There is more to customer experience than simply listening to the customers. The information gathered from them needs to be collated, distributed and then dealt with effectively.
So said Keith Schorah, CEO of SynGro, speaking at the International Customer Experience World event in Johannesburg yesterday.
"Customer experience is how we're going to compete in the future," said Schorah.
He is of the view that integrating the information with other forms of data to make it make sense, like financial information, can give organisations contextual value and help create change that brings about the right outcomes.
"The link to financial performance is not always obvious, so try different scenarios and ways of looking at the data."

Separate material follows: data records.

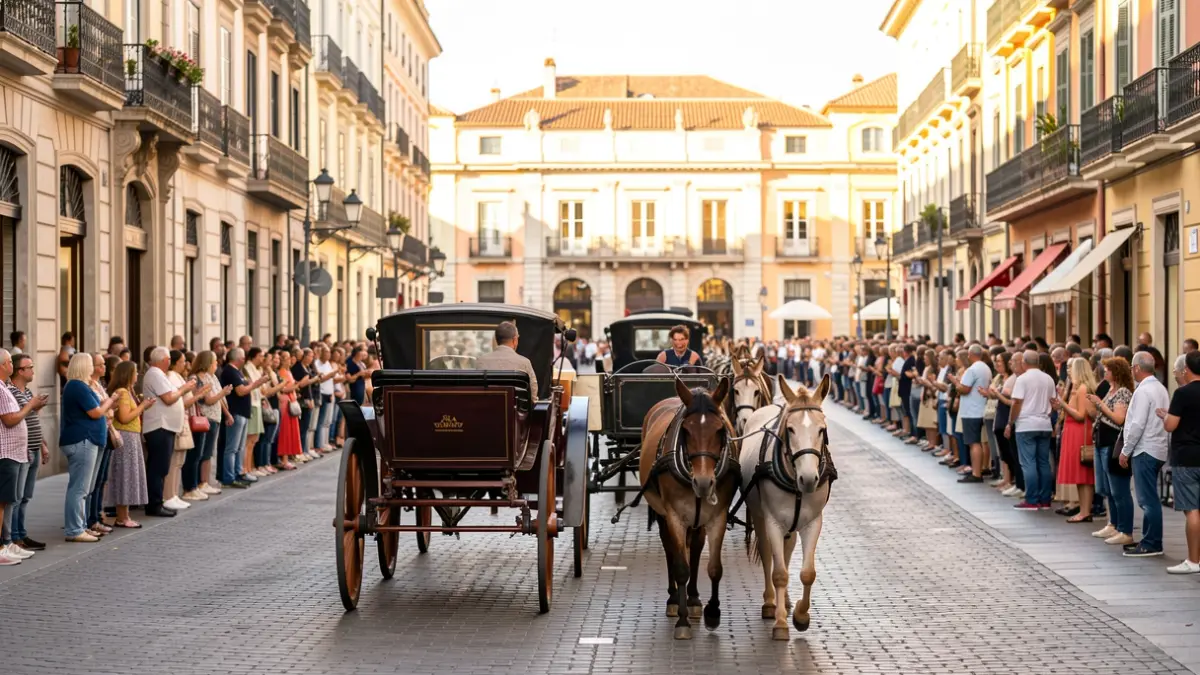 Cabalgata de los Tres Tombs de Sant Antoni con carruajes y espectadores.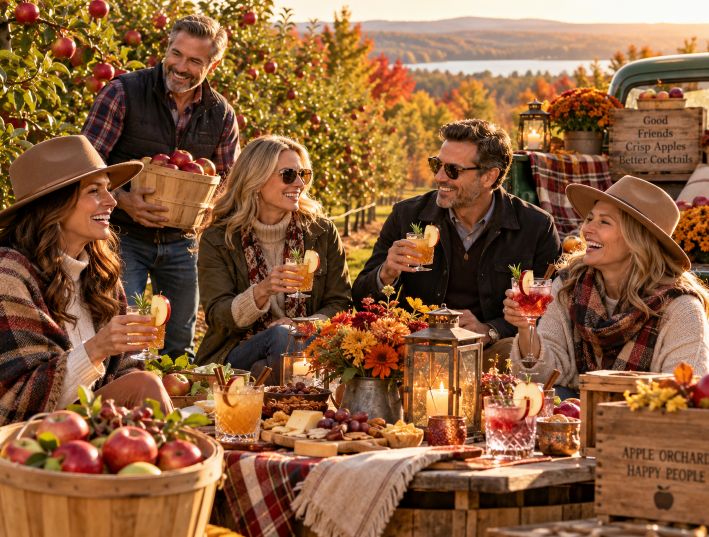 An apple orchard with an elegant happy-hour setup nearby.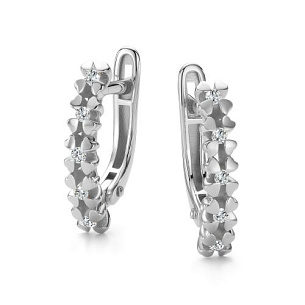 Серьги с английским замком из белого золота с бриллиантом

He pointed out that a customer experience system should be enterprise-wide and be able to automatically deliver surveys, manage complaints in any language, and absorb results from all forms of customer feedback.
Schorah suggested the use of a sentiment analysis to analyse free text and determine whether customers are happy, sad or indifferent; and storing the results in a database in the cloud to allow globalised access.
"While data analysis must be statistically valid and believable, if the frontline and the board don't understand it, it's worth nothing. You have to display it graphically so that people understand it, and bring it down into simple actions," Schorah notes.
Also speaking at the event, Amanda Cromhout, CEO of consultancy firm Truth, said data is meaningless without insights. "It's what you do with the insights to drive a different business strategy that will bring you long-term profitability. It's all about how to combine the science with the soul."
In order to make good use of data, the data should be about the customer, rather than just the product, she added.
"You want customer data on who buys baby carrots, rather than just baby carrots data," she noted.
Schorah recommends unique customer identifiers as best practice. "We tend to have data silos, with the customer represented in lots of databases. A unique ID is essential to proper data management.
"If you have an overlay of financial data of those individuals, you can understand their value to the organisation."
He also believes that it is vital to do a root cause analysis: "Many institutions deal with the symptoms - the complaints themselves, rather than finding the source of the complaint and fixing the people or processes that cause the complaint."